• **INSTRUCTIONS TO FOLLOW**
Lines from the beginning of the entries up to and including the one with "8152 S STATE" must be duplicated word for word; leave out all others.

• **Caption-style text data**
• • • • •
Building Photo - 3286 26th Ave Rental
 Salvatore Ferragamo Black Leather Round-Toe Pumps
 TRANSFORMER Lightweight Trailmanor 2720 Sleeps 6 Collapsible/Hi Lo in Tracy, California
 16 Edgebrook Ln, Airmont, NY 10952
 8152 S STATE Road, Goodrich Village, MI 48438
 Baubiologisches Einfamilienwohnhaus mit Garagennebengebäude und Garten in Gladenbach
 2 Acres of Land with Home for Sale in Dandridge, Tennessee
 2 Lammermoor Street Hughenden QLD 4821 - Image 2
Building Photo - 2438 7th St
• • • • •
• **ANSWER BELOW**
Building Photo - 3286 26th Ave Rental
 Salvatore Ferragamo Black Leather Round-Toe Pumps
 TRANSFORMER Lightweight Trailmanor 2720 Sleeps 6 Collapsible/Hi Lo in Tracy, California
 16 Edgebrook Ln, Airmont, NY 10952
 8152 S STATE Road, Goodrich Village, MI 48438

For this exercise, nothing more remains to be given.